* **WHAT THE TASK REQUIRES**
Could you print all of the data below again, exactly?

=== DATA FOR THIS TASK ===

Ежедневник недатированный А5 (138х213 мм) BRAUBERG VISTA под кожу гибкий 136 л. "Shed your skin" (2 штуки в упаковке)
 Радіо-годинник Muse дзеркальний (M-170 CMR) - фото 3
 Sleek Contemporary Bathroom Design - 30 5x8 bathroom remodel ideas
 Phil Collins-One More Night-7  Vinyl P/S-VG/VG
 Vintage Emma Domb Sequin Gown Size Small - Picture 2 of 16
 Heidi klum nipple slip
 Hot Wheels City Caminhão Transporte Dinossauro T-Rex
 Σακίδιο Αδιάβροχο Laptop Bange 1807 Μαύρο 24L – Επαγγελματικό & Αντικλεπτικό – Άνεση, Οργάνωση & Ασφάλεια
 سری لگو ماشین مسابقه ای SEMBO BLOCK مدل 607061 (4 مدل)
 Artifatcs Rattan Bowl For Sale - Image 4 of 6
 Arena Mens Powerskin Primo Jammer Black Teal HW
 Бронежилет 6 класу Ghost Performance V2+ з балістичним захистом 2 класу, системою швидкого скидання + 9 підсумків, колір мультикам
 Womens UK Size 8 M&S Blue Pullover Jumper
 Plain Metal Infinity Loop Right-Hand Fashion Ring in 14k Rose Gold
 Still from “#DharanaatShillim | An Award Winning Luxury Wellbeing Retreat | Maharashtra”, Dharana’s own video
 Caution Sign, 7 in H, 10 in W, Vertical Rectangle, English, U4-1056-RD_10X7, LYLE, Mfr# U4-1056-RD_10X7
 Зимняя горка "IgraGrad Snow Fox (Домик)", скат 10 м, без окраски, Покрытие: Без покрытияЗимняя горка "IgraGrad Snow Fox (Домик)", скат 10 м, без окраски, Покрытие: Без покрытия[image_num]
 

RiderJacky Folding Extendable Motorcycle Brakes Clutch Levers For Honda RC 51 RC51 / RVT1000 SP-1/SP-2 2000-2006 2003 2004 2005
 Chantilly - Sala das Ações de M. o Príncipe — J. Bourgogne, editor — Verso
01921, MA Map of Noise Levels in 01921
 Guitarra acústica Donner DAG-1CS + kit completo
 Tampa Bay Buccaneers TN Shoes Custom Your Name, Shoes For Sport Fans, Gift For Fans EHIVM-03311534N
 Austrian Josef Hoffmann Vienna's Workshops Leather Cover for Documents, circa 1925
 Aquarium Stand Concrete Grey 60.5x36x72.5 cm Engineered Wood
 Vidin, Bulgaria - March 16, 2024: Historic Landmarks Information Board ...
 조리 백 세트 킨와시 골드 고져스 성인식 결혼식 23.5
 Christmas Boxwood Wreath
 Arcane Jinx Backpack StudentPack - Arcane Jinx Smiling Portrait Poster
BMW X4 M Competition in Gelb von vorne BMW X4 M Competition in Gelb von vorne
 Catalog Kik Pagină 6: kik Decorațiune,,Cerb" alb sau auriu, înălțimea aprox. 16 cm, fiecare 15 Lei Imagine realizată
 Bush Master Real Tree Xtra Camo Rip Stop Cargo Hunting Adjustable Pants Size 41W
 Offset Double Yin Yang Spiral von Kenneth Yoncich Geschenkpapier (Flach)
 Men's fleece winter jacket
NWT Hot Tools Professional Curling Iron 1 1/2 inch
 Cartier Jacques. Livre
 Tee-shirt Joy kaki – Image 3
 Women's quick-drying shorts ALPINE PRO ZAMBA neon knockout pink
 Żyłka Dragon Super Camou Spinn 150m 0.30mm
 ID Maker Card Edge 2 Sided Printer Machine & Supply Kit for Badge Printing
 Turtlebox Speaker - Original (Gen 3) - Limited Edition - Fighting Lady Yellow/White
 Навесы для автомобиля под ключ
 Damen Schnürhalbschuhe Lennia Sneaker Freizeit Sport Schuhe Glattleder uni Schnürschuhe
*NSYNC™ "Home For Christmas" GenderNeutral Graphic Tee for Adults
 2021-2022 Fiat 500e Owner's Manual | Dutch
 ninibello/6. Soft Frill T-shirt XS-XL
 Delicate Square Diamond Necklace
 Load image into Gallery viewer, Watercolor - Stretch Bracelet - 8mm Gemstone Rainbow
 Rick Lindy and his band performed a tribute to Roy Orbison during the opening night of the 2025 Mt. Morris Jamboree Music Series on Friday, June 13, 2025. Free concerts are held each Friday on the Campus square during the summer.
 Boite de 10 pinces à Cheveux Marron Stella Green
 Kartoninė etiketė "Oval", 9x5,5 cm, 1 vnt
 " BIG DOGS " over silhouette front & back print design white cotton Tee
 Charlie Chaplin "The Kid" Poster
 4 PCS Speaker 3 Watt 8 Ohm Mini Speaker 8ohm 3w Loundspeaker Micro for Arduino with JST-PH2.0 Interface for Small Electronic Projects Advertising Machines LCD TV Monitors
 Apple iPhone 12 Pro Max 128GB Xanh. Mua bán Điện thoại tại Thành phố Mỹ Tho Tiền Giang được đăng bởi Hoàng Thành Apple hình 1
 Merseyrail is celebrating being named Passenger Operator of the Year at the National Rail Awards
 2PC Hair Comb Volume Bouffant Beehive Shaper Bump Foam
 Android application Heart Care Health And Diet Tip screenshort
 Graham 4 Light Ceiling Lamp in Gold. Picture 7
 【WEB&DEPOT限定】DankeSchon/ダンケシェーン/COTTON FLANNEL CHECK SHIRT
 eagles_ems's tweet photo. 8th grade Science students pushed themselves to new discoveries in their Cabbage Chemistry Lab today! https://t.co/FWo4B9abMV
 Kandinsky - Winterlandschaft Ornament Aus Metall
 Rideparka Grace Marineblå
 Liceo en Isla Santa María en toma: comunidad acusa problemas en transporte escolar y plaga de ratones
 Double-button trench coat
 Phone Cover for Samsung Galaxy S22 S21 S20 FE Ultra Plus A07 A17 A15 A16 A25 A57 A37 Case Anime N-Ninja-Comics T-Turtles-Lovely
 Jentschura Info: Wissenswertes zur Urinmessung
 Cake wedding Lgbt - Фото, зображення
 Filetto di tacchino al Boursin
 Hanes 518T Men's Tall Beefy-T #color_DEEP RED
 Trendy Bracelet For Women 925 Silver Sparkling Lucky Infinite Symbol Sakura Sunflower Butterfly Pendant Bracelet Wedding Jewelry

===

* **YOUR SOLUTION**
Ежедневник недатированный А5 (138х213 мм) BRAUBERG VISTA под кожу гибкий 136 л. "Shed your skin" (2 штуки в упаковке)
 Радіо-годинник Muse дзеркальний (M-170 CMR) - фото 3
 Sleek Contemporary Bathroom Design - 30 5x8 bathroom remodel ideas
 Phil Collins-One More Night-7  Vinyl P/S-VG/VG
 Vintage Emma Domb Sequin Gown Size Small - Picture 2 of 16
 Heidi klum nipple slip
 Hot Wheels City Caminhão Transporte Dinossauro T-Rex
 Σακίδιο Αδιάβροχο Laptop Bange 1807 Μαύρο 24L – Επαγγελματικό & Αντικλεπτικό – Άνεση, Οργάνωση & Ασφάλεια
 سری لگو ماشین مسابقه ای SEMBO BLOCK مدل 607061 (4 مدل)
 Artifatcs Rattan Bowl For Sale - Image 4 of 6
 Arena Mens Powerskin Primo Jammer Black Teal HW
 Бронежилет 6 класу Ghost Performance V2+ з балістичним захистом 2 класу, системою швидкого скидання + 9 підсумків, колір мультикам
 Womens UK Size 8 M&S Blue Pullover Jumper
 Plain Metal Infinity Loop Right-Hand Fashion Ring in 14k Rose Gold
 Still from “#DharanaatShillim | An Award Winning Luxury Wellbeing Retreat | Maharashtra”, Dharana’s own video
 Caution Sign, 7 in H, 10 in W, Vertical Rectangle, English, U4-1056-RD_10X7, LYLE, Mfr# U4-1056-RD_10X7
 Зимняя горка "IgraGrad Snow Fox (Домик)", скат 10 м, без окраски, Покрытие: Без покрытияЗимняя горка "IgraGrad Snow Fox (Домик)", скат 10 м, без окраски, Покрытие: Без покрытия[image_num]
 

RiderJacky Folding Extendable Motorcycle Brakes Clutch Levers For Honda RC 51 RC51 / RVT1000 SP-1/SP-2 2000-2006 2003 2004 2005
 Chantilly - Sala das Ações de M. o Príncipe — J. Bourgogne, editor — Verso
01921, MA Map of Noise Levels in 01921
 Guitarra acústica Donner DAG-1CS + kit completo
 Tampa Bay Buccaneers TN Shoes Custom Your Name, Shoes For Sport Fans, Gift For Fans EHIVM-03311534N
 Austrian Josef Hoffmann Vienna's Workshops Leather Cover for Documents, circa 1925
 Aquarium Stand Concrete Grey 60.5x36x72.5 cm Engineered Wood
 Vidin, Bulgaria - March 16, 2024: Historic Landmarks Information Board ...
 조리 백 세트 킨와시 골드 고져스 성인식 결혼식 23.5
 Christmas Boxwood Wreath
 Arcane Jinx Backpack StudentPack - Arcane Jinx Smiling Portrait Poster
BMW X4 M Competition in Gelb von vorne BMW X4 M Competition in Gelb von vorne
 Catalog Kik Pagină 6: kik Decorațiune,,Cerb" alb sau auriu, înălțimea aprox. 16 cm, fiecare 15 Lei Imagine realizată
 Bush Master Real Tree Xtra Camo Rip Stop Cargo Hunting Adjustable Pants Size 41W
 Offset Double Yin Yang Spiral von Kenneth Yoncich Geschenkpapier (Flach)
 Men's fleece winter jacket
NWT Hot Tools Professional Curling Iron 1 1/2 inch
 Cartier Jacques. Livre
 Tee-shirt Joy kaki – Image 3
 Women's quick-drying shorts ALPINE PRO ZAMBA neon knockout pink
 Żyłka Dragon Super Camou Spinn 150m 0.30mm
 ID Maker Card Edge 2 Sided Printer Machine & Supply Kit for Badge Printing
 Turtlebox Speaker - Original (Gen 3) - Limited Edition - Fighting Lady Yellow/White
 Навесы для автомобиля под ключ
 Damen Schnürhalbschuhe Lennia Sneaker Freizeit Sport Schuhe Glattleder uni Schnürschuhe
*NSYNC™ "Home For Christmas" GenderNeutral Graphic Tee for Adults
 2021-2022 Fiat 500e Owner's Manual | Dutch
 ninibello/6. Soft Frill T-shirt XS-XL
 Delicate Square Diamond Necklace
 Load image into Gallery viewer, Watercolor - Stretch Bracelet - 8mm Gemstone Rainbow
 Rick Lindy and his band performed a tribute to Roy Orbison during the opening night of the 2025 Mt. Morris Jamboree Music Series on Friday, June 13, 2025. Free concerts are held each Friday on the Campus square during the summer.
 Boite de 10 pinces à Cheveux Marron Stella Green
 Kartoninė etiketė "Oval", 9x5,5 cm, 1 vnt
 " BIG DOGS " over silhouette front & back print design white cotton Tee
 Charlie Chaplin "The Kid" Poster
 4 PCS Speaker 3 Watt 8 Ohm Mini Speaker 8ohm 3w Loundspeaker Micro for Arduino with JST-PH2.0 Interface for Small Electronic Projects Advertising Machines LCD TV Monitors
 Apple iPhone 12 Pro Max 128GB Xanh. Mua bán Điện thoại tại Thành phố Mỹ Tho Tiền Giang được đăng bởi Hoàng Thành Apple hình 1
 Merseyrail is celebrating being named Passenger Operator of the Year at the National Rail Awards
 2PC Hair Comb Volume Bouffant Beehive Shaper Bump Foam
 Android application Heart Care Health And Diet Tip screenshort
 Graham 4 Light Ceiling Lamp in Gold. Picture 7
 【WEB&DEPOT限定】DankeSchon/ダンケシェーン/COTTON FLANNEL CHECK SHIRT
 eagles_ems's tweet photo. 8th grade Science students pushed themselves to new discoveries in their Cabbage Chemistry Lab today! https://t.co/FWo4B9abMV
 Kandinsky - Winterlandschaft Ornament Aus Metall
 Rideparka Grace Marineblå
 Liceo en Isla Santa María en toma: comunidad acusa problemas en transporte escolar y plaga de ratones
 Double-button trench coat
 Phone Cover for Samsung Galaxy S22 S21 S20 FE Ultra Plus A07 A17 A15 A16 A25 A57 A37 Case Anime N-Ninja-Comics T-Turtles-Lovely
 Jentschura Info: Wissenswertes zur Urinmessung
 Cake wedding Lgbt - Фото, зображення
 Filetto di tacchino al Boursin
 Hanes 518T Men's Tall Beefy-T #color_DEEP RED
 Trendy Bracelet For Women 925 Silver Sparkling Lucky Infinite Symbol Sakura Sunflower Butterfly Pendant Bracelet Wedding Jewelry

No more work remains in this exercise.